Analytics in the scheme of a business
Much has been written about data-led insights being the in-thing. It continues to be valued because Analytics is the broad-range area of study that has made quantitative, instructive decision-making possible. Data-led decisions stand the test of varying business cycles. Accumulation of data with a specific purpose in mind, and the utility of the said data further downstream are the prerequisites of effective analytics.
Analytics are used by businesses to get answers to deeply-specific queries. Using past-data, future trends and projections are made to help a business make crucial estimates and preparations for resources. With the pull and push of demand and supply underscored by a multitude of factors and drivers being what they are, analytics is the lone ‘sensible’ way of making decisions.

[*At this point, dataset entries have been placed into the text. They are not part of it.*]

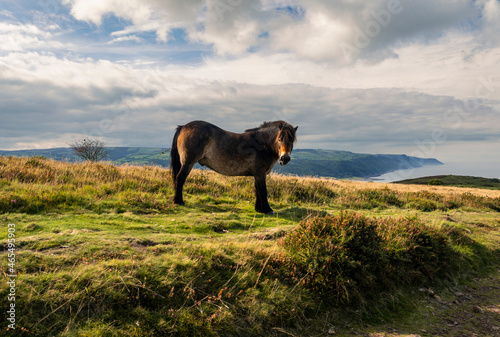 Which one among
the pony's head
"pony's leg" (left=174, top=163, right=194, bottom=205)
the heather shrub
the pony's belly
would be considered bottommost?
the heather shrub

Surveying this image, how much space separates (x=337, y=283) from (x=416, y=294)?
7.96 ft

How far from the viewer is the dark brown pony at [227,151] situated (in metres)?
10.5

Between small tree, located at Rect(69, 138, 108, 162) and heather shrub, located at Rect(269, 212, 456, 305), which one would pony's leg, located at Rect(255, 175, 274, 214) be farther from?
small tree, located at Rect(69, 138, 108, 162)

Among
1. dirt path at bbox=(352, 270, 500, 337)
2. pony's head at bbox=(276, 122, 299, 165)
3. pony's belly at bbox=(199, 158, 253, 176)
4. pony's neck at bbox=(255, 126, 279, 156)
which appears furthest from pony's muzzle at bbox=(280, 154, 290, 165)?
dirt path at bbox=(352, 270, 500, 337)

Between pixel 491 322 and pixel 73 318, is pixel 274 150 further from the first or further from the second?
pixel 73 318

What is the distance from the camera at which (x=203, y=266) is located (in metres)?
5.10

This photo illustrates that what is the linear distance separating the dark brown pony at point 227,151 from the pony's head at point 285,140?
54 millimetres

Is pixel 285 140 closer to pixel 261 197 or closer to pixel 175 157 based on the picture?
pixel 261 197

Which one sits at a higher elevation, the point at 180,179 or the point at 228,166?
the point at 228,166

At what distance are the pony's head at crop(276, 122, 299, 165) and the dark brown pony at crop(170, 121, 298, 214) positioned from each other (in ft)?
0.18

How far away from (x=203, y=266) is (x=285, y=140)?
596cm

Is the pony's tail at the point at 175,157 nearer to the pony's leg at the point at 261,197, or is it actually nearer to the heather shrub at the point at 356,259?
the pony's leg at the point at 261,197

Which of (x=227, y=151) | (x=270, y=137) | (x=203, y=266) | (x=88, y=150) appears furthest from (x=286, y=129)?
(x=88, y=150)

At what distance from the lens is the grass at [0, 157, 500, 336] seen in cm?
Answer: 398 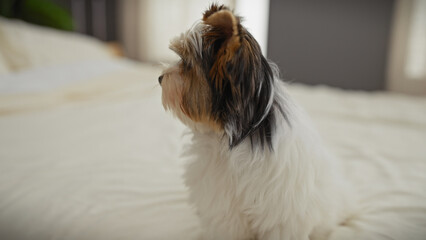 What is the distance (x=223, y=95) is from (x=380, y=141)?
3.94 feet

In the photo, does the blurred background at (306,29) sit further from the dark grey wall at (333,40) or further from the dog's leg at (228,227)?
the dog's leg at (228,227)

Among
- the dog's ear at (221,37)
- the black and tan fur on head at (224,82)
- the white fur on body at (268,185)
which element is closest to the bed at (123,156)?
the white fur on body at (268,185)

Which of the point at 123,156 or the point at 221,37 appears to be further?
the point at 123,156

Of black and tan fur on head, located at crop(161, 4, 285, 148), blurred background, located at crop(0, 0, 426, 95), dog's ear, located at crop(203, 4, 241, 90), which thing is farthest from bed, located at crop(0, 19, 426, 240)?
blurred background, located at crop(0, 0, 426, 95)

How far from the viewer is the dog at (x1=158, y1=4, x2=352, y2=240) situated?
31.1 inches

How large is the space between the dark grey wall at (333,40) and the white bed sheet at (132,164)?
1.74 m

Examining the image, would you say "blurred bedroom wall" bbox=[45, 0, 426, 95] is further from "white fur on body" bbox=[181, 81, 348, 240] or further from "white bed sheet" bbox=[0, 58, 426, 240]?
"white fur on body" bbox=[181, 81, 348, 240]

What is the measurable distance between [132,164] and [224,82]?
743 mm

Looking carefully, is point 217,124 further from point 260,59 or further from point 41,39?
point 41,39

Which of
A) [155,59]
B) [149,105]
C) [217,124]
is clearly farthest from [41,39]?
[217,124]

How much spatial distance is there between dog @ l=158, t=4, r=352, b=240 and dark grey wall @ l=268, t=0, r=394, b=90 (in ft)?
10.7

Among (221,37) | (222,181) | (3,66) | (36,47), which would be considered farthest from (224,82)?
(36,47)

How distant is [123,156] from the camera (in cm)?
143

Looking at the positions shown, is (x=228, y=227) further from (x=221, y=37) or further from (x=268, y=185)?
(x=221, y=37) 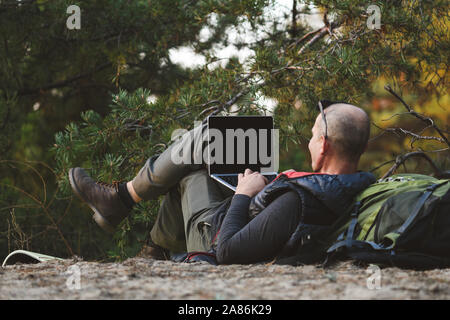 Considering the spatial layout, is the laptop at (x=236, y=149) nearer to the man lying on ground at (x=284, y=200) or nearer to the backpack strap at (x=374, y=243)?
the man lying on ground at (x=284, y=200)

Analytics and MIS – the invariable meeting point in business strategy
If the maintenance of MIS is the core on which all decision-making is based, Analytics is the process of manipulating the reportage gathered over time to produce usable insights. Predictably, these two efforts are all the better for a keen sense of business understanding to guide the avenues along which they are deployed. This intangible skill is called ‘Business Intelligence’.
Business intelligence is central to the use of MIS and Analytics to optimize results. The tenets of Project Management may be used to coordinate all these activities and proceed gradually towards the listed goals.
The use of data-led techniques like Analytics on the MIS where Business Intelligence is employed to drive decision-making is sometimes lumped together under the umbrella term ‘Business Analytics’.
Enter Automation in Business Analytics
Automation of oft-used processes reduces time and resources expended on it. The stakeholders involved in the decision-making worry less about the time taken to separate insights from the noise when automation is on point. Instead, they focus on the import of the insights, and how they can be deployed towards greater efficiency of their operations in the future.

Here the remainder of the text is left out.